= Gérald Clavette =

Canadian politician

Gérald Clavette (born May 9, 1941) is a New Brunswick politician. As a Liberal, he served in cabinet as chairman of the Board of Management from 1987 to 1991 and then as Minister of Agriculture in the government of Frank McKenna from October 9, 1991 to April 25, 1994.

Subsequently, he was the last Speaker of the New Brunswick Legislative Assembly to be appointed by the government rather than elected by a secret ballot. He was initially appointed by the government in the fall of 1994 during the 52nd New Brunswick Legislative Assembly after Speaker Shirley Dysart stepped down at the request of the government. Shortly thereafter the House adopted new rules to elect the speaker by secret ballot. Clavette resigned and did not seek office under the new rules so mrs. Dysart was elected by the assembly under the new rules for the balance of the life of the assembly.
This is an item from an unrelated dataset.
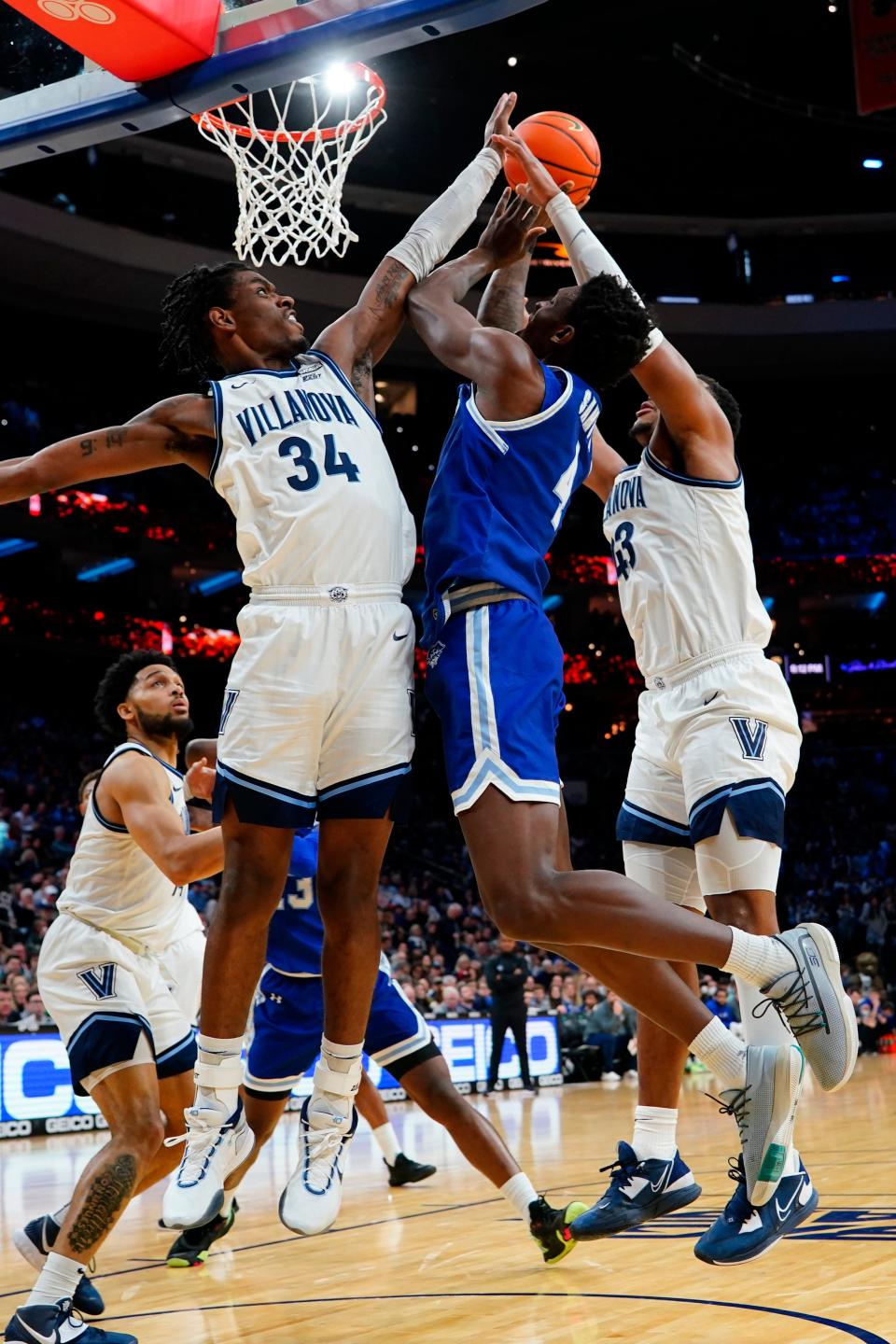 Seton Hall Pirates forward Tyrese Samuel (middle) shoots the ball against Villanova Wildcats forward Brandon Slater (34)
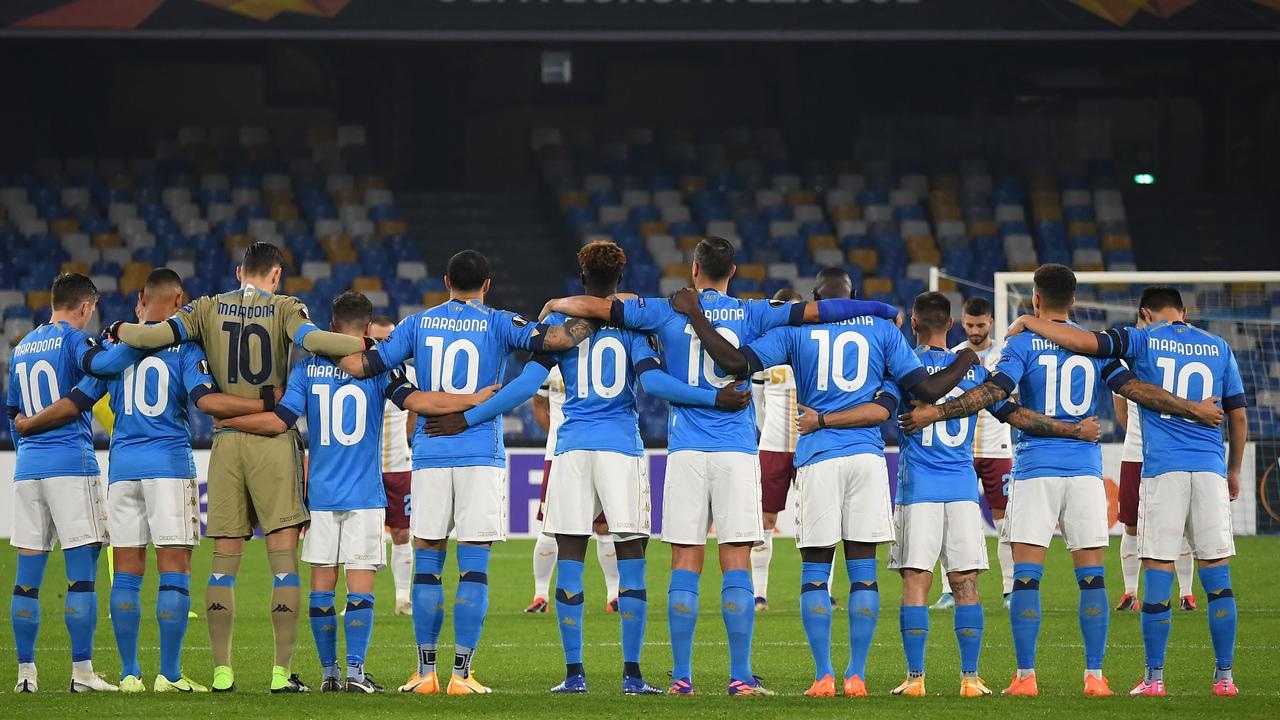Players and Officials observe a minute of silence prior to kick off in memory of Diego Maradona.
Clavette was first elected to the New Brunswick legislature in the 1967 provincial election representing Madawaska. He was re-elected in six subsequent elections in 1970, 1974, 1978, 1982, 1987 and 1991 in what became Madawaska Centre and served until 1995 as an MLA when he was defeated in the riding of Madawaska-la-Vallée.

After leaving politics he served in a number of appointments. In 1997 he was appointed to the provincial forest products commission and also served as president of Enterprise Madawaska and chairman of the St. John Valley and Eastern Quebec Energy Committee.